İşte tam da bu duygu yoğunluğu bağlamında sahadaki aktörlerin öznel yaklaşımları ve ekonomik kaygıları da işin içine girerse, sorunun tespiti veya hakikatin ne olduğunu anlamak imkansız hale geliyor. Bu da hakikat krizine, yahut hakikatin ne olduğunun anlaşılmasının önüne geçiyor ve sorunların kördüğüm olmasına neden oluyor.
Avrupa’daki Türkler hemen her gün kendilerini yeni tartışmaların içinde buluyor. Kitle iletişim araçlarının artması vatandaşların köken kültürü ile bağlarının pekişmesine yardımcı oldu. Ülkelerin resmi politikaları ırkçı değil belki, ama vatandaşları arasındaki yabancı karşıtlığı, ırkçı tutumlar her geçen gün artmaya devam ediyor. Bu durum yeni yetişen gençlerin yönlerini ve yüzlerini daha bir istek ve şevkle Anadolu’ya çevirmelerine yol açıyor. Türkler uyum sorununu aşsa da „kabul edilme“ sorununu aşmakta ciddi bir engelle karşı karşıya kalıyorlar. Onların Türkiye’ye karşı duydukları aşk ve sevda, aidiyet tartışmalarına neden oluyor. Halbuki konu çok açık ve net: Doğuştan vatandaşlık verilen ve geleceğini doğduğu ve doyduğu topraklarda gören insanların vatandaşlık bağı ile bağlı olduğu yere sadakatini, sevgisini sorgulamaya çalışmak, abesle iştigal etmekten başka bir şey değil. Yükümlülüklerini yerine getirirken, yani vergisini verip kamu görevlerini yerine getirirken eşit olan insanın, haklarını kullanırken açık veya örtük şekilde sorgulanmasının, duygu dünyasını karıştırmanın alemi de anlamı da yok. Türkiye ile ilişkiler mi? Her gidiş bir ayrılık değildir. İnsan ne kadar uzağa giderse gitsin, yüreği; geldiği, anılarını biriktirdiği yerde kalırmış. İnsanın yüreğinin dokunduğu yer kendine aitmiş. Yurt edindiği yer artık yüreğine dokunuyorsa, Türkiye de gün gelir „şiirlerin, şarkıların içinde özlenen, anılarda yaşatılan“ bir ütopya ülkesi olur.
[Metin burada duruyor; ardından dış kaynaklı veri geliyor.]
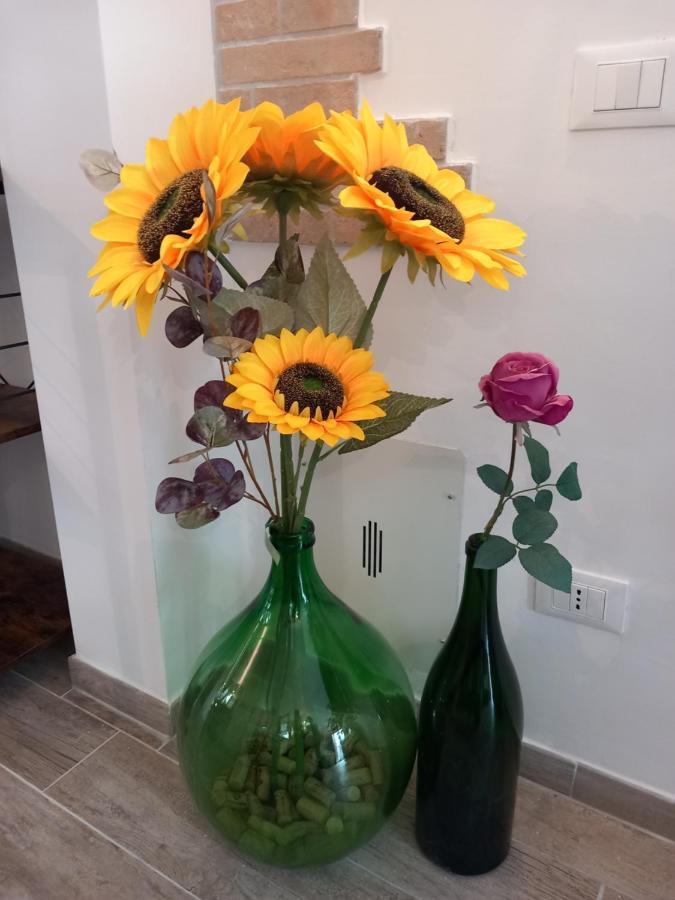 In Vino Veritas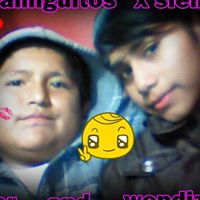 Victor Torres Photo 31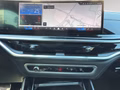 Daumennagel 17 - BMW X5 M60 LED/LEDER/HUD/AHK/STHZ/PANO/SURROUND VIEW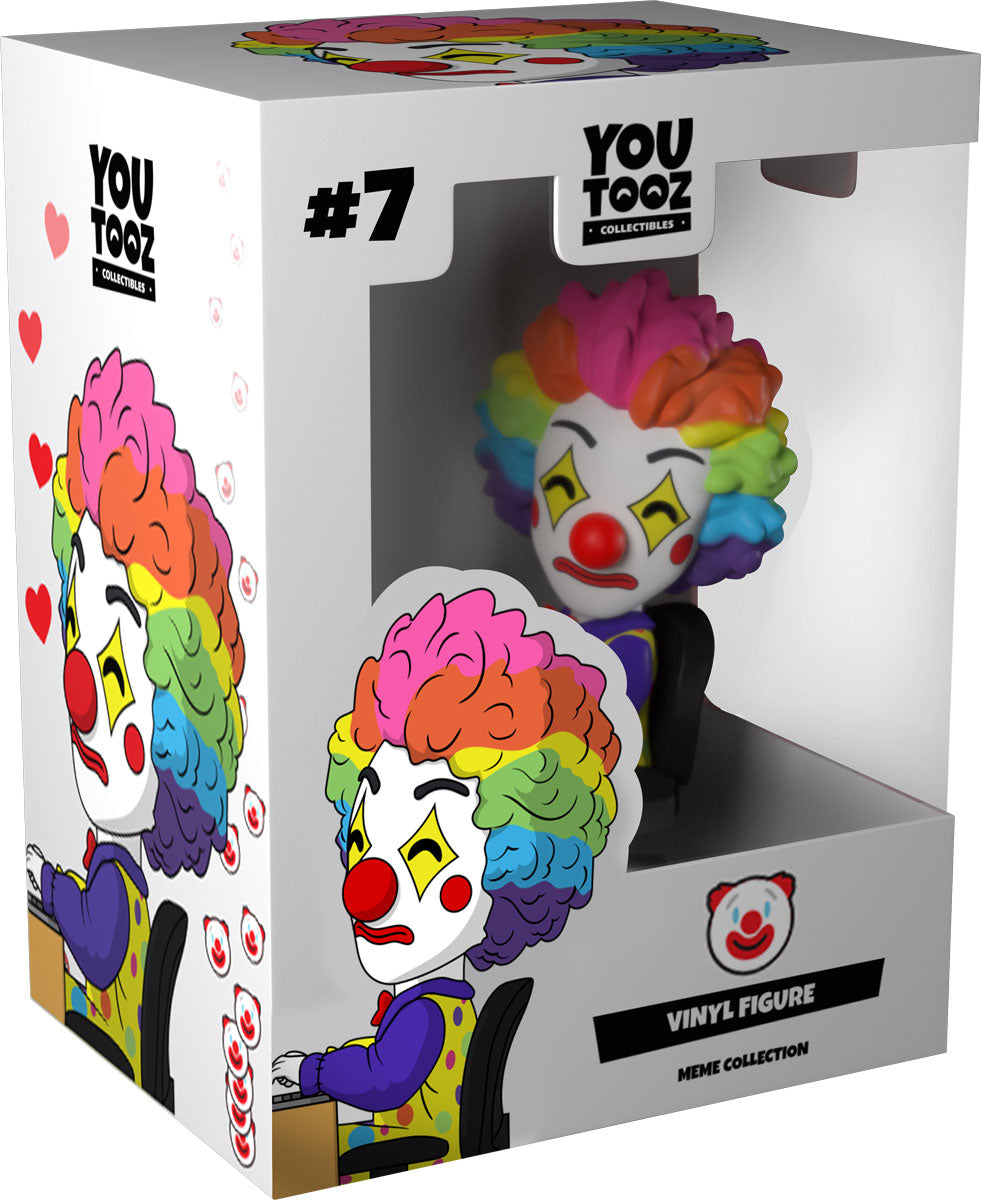 🤡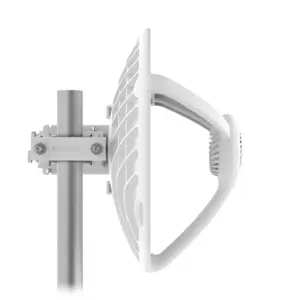 ubiquiti-airfiber-60-lr-network-bridge-1800-mbits-white-84620-wlononwcrdymn.webp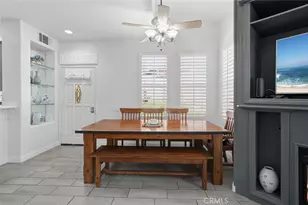 27012 Big Rapids Loop, Valencia, CA 91354 - Photo 14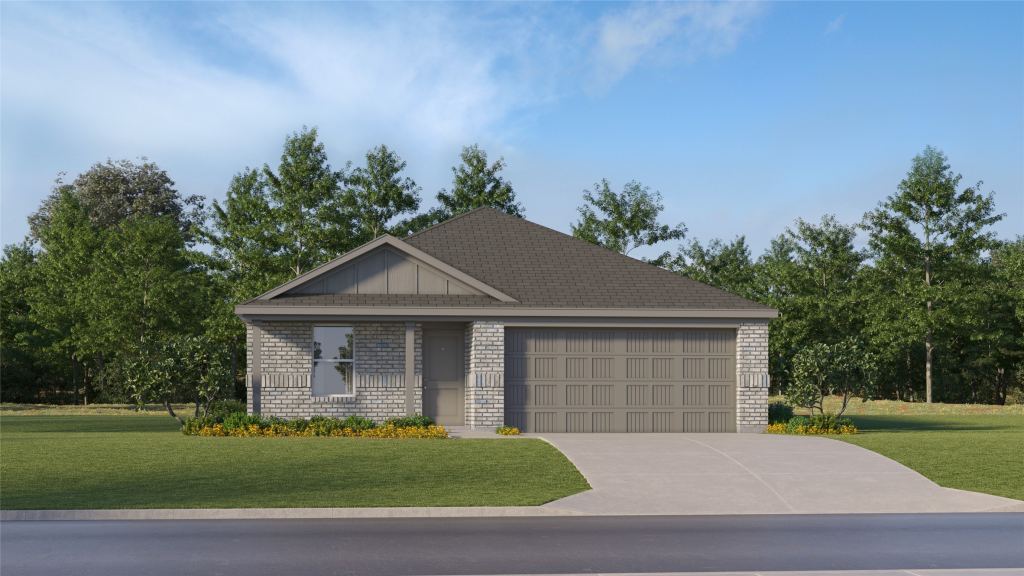 1228 Finch Drive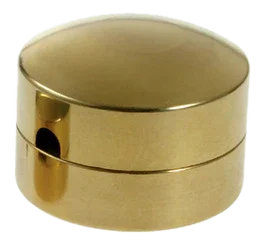 CELLO WOLFTONE ELIMINATOR CELLO-LUPX 5.5G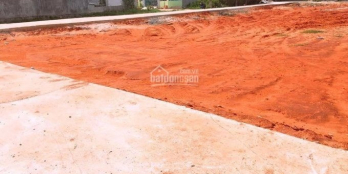 Em còn duy nhất 1 lô Hàm Thắng, Bình Thuận-Giá mềm chỉ 8xx có thương lượng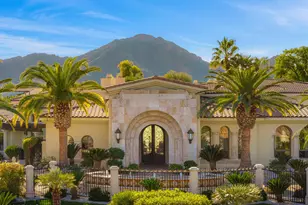 7170 N 69th Pl, Paradise Valley, AZ 85253 - Photo 3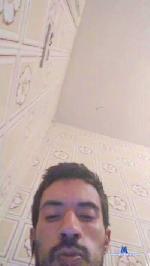 thor348 cam4 livecam show performer room profile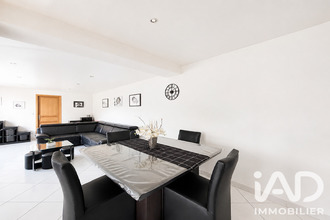 achat maison faches-thumesnil 59155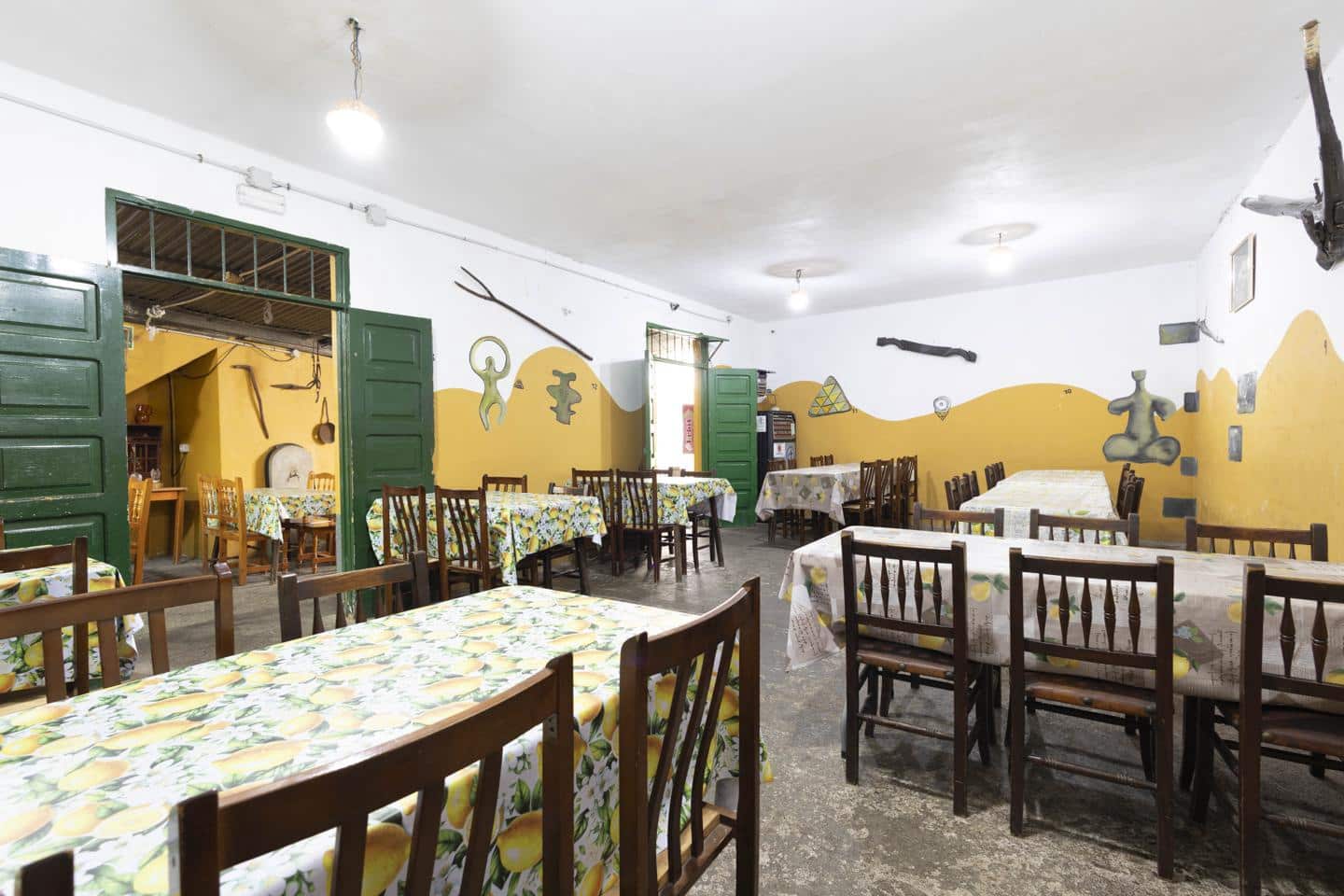 Landgrundstück zu verkaufen in La Orotava - 330.000 € (Ref: 10169372)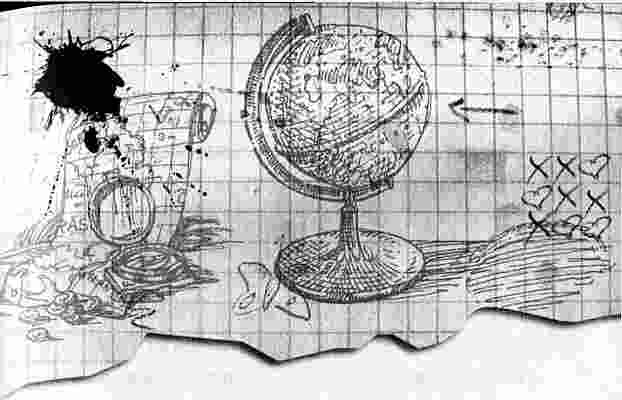 Иллюстрация к книге — Али-Баба и сорок прогульщиков [i_012.jpg]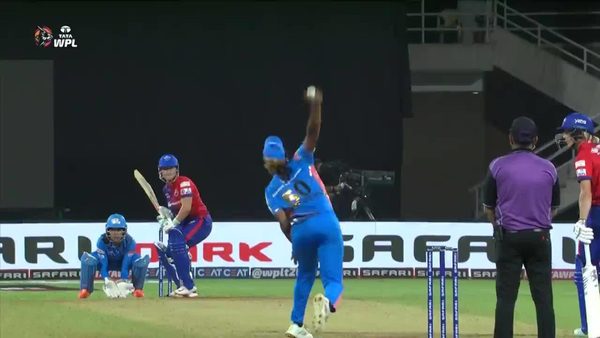 match-18-mumbai-indians-vs-delhi-capitals-super-sixes-6322977760112.Click to read full article.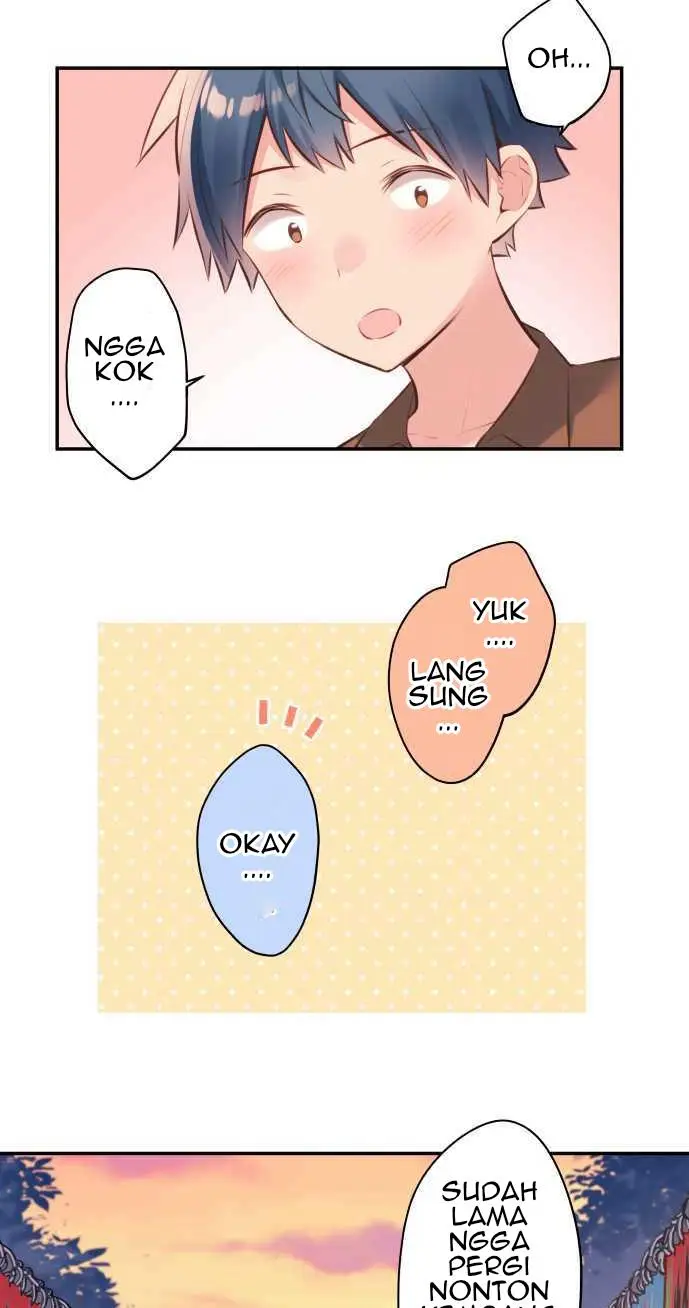 image-komik-waka-chan-wa-kyou-mo-azatoi-chapter-62-3/37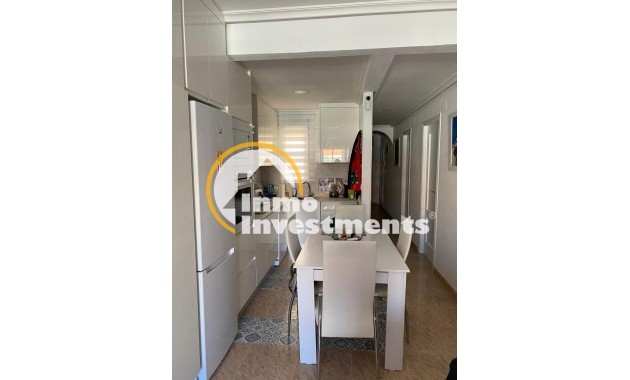 Till salu - Penthouse - Torrevieja - Playa del Cura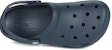 Crocs Classic Clog 'Biru Laut' 204151-410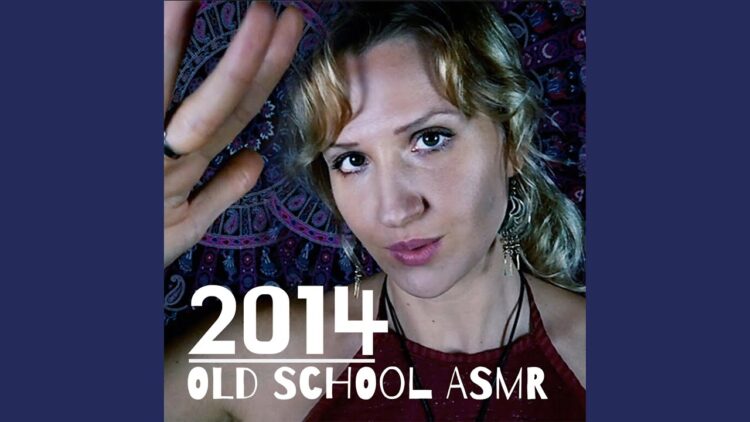 olivia kissper feet 6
Onca sorun yetmezmiş gibi bir de siyasi çıkar gruplarının, dernekçilerin kendi aralarındaki hesaplaşmaları, günübirlik menfaatlerinin peşinde koşmaları vatandaşları daha da ayrıştırıyor ve karşı karşıya kalınan sorunlar daha karışık, daha karmaşık, adeta açıklanması da içinden çıkılması da zor ve imkansız bir hal alıyor; „ayazda kalmış yüreğimi hangi güneş ısıtır“ sorusunun cevabı sıcak, içten bir gülüşün tutsağı oluyor adeta… Zira hayatın gerçeği, „politize olmuş insanlar, kendi siyasi görüşünü desteklediğini düşündüğü her habere, bilgiye sorgusuz sualsiz inanıyorlar“. Vatandaş da kulağına hoş gelen boş vaatlerin peşinden koşuşturmaya, ayrışmaya, ayrıştıkça zayıf düşmeye devam ediyor. Ne ilginçtir ki asılsız bilgi, doğru bilgiden daha hızlı yayılıyor, kabul görüyor. Böyle ortamlarda, yani kargaşada, kaosta yapılacak en doğru şeylerden biri, makul insanlara kulak vermek olmalı. Ama hangi makul insana? Makul insan[1]; „doğruya doğru, yanlışa da yanlış diyen insandır. Karşısındakini anlamaya çalışan, bağırmayan, çözüm bulmaya uğraşan, her duyduğuna inanmayan, ötekine saygılı, siyaseti savaş, karşı görüştekileri düşman gibi görmeyen, göstermeyen“ insandır. Haberleri, duyduklarını çarpıtmaz, doğrulara yanlış karıştırmaz, fanatik değil, sağduyuludur.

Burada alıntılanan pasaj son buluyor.